Here, we have had success with cooked chicken and cooked egg (no seasonings,) sweet potato, mealworms, crickets and bananas. Sometimes they will eat a little plain yogurt, other times they want nothing to do with it.

My hedgies are very picky and won't eat other fruits and vegetables, but you can try cooked peas, broccoli, zucchini, carrots, apples, watermelon, blueberries.

Good luck!


----------



## Lloydarcher (Dec 23, 2010)

This is generally a good post on what is and isn't good for them.

http://www.hedgehogheadquarters.com/secure/treats.htm

Hedgehogs are like humans in the way that no 2 hedgehogs like/dislike the same things, so don't be afraid to give your little one different stuff to see what is best for him/her. Just remember to feed in moderation.

Sometimes they won't eat something right away but turn out later to love it. My hedgie Lulu would never eat mealworms, but once I rubbed 1 or 2 on her nose she got the smell of it and understood it was a yummy treat.

If you do decide to give your hedgie some new treats, I would be interested in hearing which he/she likes best.

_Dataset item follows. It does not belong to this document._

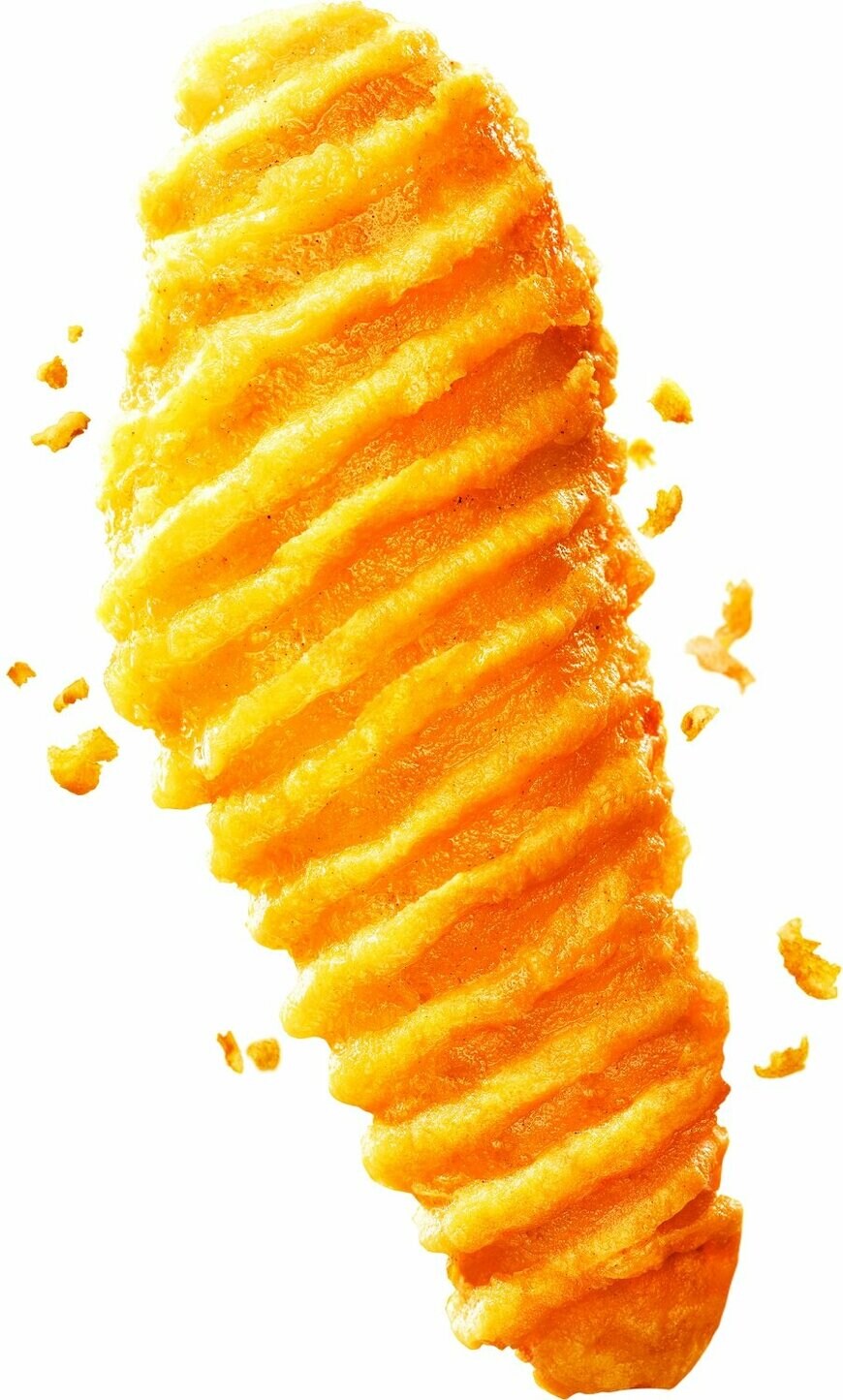 出所：株式会社ファミリーマート「1.2倍にデッカく、おいしさUP 累計1億8000万個販売の“人気チキン”を 価格据え置きで刷新 「新クリスピーチキン」 ～カリっと衣の梅しそ味も新発売～」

EDIT: That post above is great as well. Was trying to find one within the forums, but was too lazy to check a bunch of posts lol


----------



## bnk28 (Dec 19, 2010)

Thanks for those two links, they were both great! Last night I tried mealworms, carrot, chicken and apple with her. She tried a nibble of everything, but the only thing she completely ate was the mealworms.


----------



## susanaproenca (Aug 14, 2010)

bnk28 said:


> Thanks for those two links, they were both great! Last night I tried mealworms, carrot, chicken and apple with her. She tried a nibble of everything, but the only thing she completely ate was the mealworms.


Just to let you know, when offering new treats, it's better to wait a few days between treats just to make sure she doesn't have any reaction from it. Say, you offered mealworms today for the first time, wait a few days to offer something different, that way you'll be able to tell if the mealworm had any effect on her tummy. 

Yeah, mealworms are a hit :lol:


----------